BSD 2-Clause "Simplified" License
23 stars 9 forks source link

writing documents fails because of encoding errors when writing the log file #32

Closed fbergmann closed 2 years ago

fbergmann commented 2 years ago

I currently have the issue that the code does not allow writing out documents because writing the history failed:

enzymemlwriter.py:179, in EnzymeMLWriter._createArchive(self, enzmldoc, listofPaths, name)
    177 history_path = f"{self.path}/history.log"
    178 with open(history_path, "w") as f:
--> 179     f.write(enzmldoc.log.getvalue())
    181 self.addFileToArchive(
    182     archive=archive,
    183     file_path=history_path,
   (...)
    186     description="History of the EnzymeML document",
    187 )
    189 # add metadata to the experiment file

File cp1252.py:19, in IncrementalEncoder.encode(self, input, final)
     18 def encode(self, input, final=False):
---> 19     return codecs.charmap_encode(input,self.errors,encoding_table)[0]
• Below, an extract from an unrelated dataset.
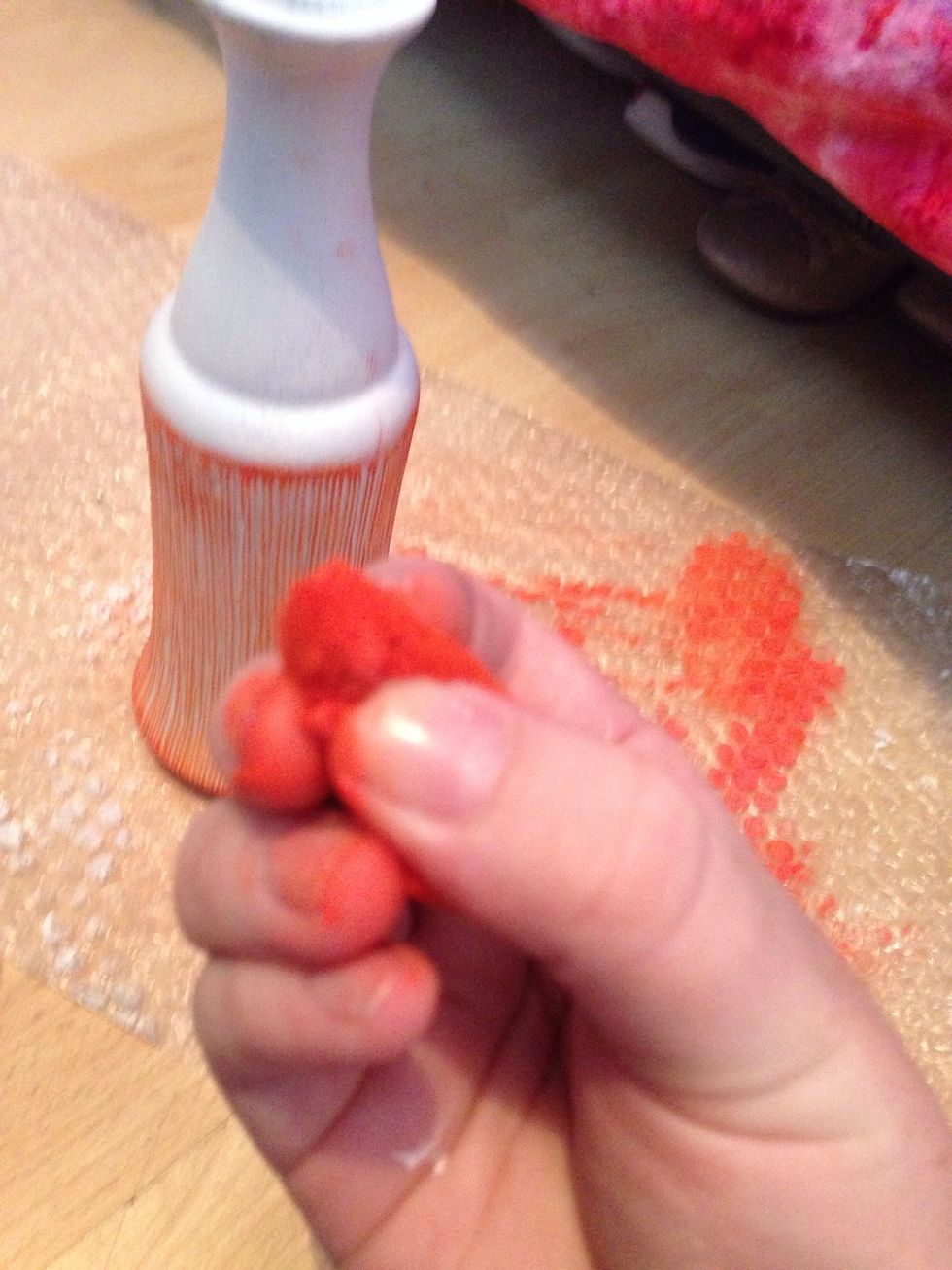 Squeeze your sponge to a corner point and add more loose paint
UnicodeEncodeError: 'charmap' codec can't encode character '\udcb7' in position 4532: character maps to <undefined>

It is important that the encoding is defined when writing the history. If you dont different operating systems will use different encodings.
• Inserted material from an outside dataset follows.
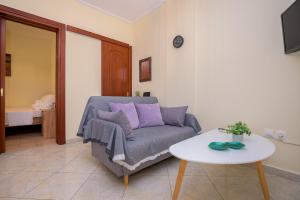 a living room with a couch and a table at ANNA'S APARTMENT in Alexandroupoli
fbergmann commented 2 years ago

actually, trying out different encodings, only to have them all fail, i think it would be best if you just write binary (using open mode "wb"), that way no matter what was written into the StringIO buffer, you can write it out.

JR-1991 commented 2 years ago

Could you provide an example to reproduce the error? On which OS did it happen? Want to make sure it's not an error from somewhere else.
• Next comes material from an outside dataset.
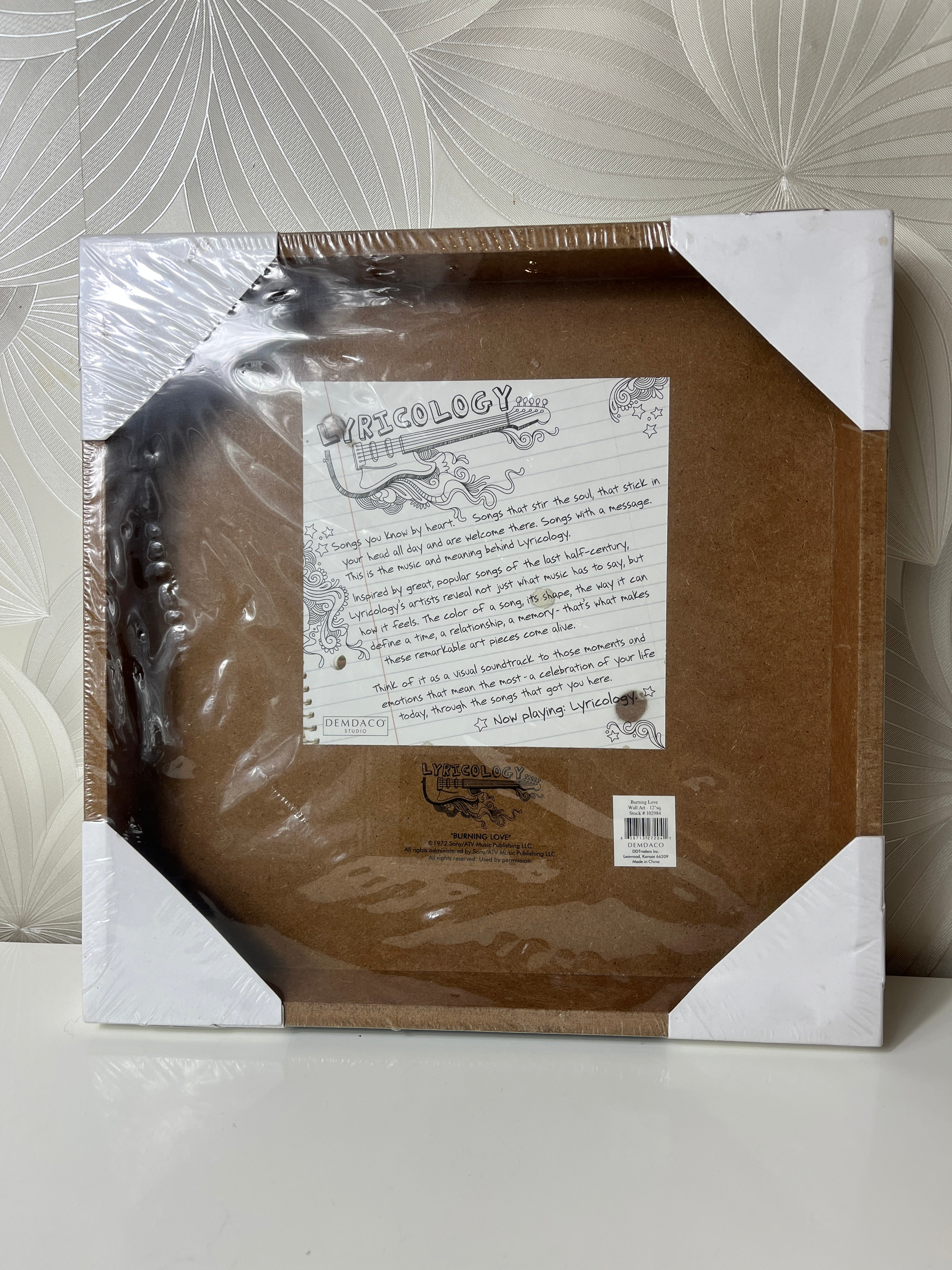 Elvis Presley paveikslėlis su užrašu „Hunk a Hunk Burning Love“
fbergmann commented 2 years ago

the file, i sent earlier has the issue. The problem came about, since when i created the file earlier by running Cephalexin_Synthesis_Model4.ipynb the history.log created was written out as ANSI code (since the enzymeml writer did not specify an encoding, it takes the in this case windows native encoding). For example the file i mailed around earlier will have the problem.

Then if that file is read again by the enzymemlreader, and consequently written out by the enzymeml writer, the issue occurs.

fbergmann commented 2 years ago

so i recreated the file using the python notebook mentioned above with:

            with open(history_path, "w", encoding='utf-8') as f:
                f.write(enzmldoc.log.getvalue())

in the reader. Then i can roundtrip the files. (it will still fall over the old file that i mailed around earlier). So the only alternative is to write the file as binary, and manually encoding the string returned from the stringio object. there you then have the option of specifying what should happen in case of error:

JR-1991 commented 2 years ago

Thanks for fixing that! I would propose that on failure an empty history file will be written. Otherwise the reader might thrown an error if there is none.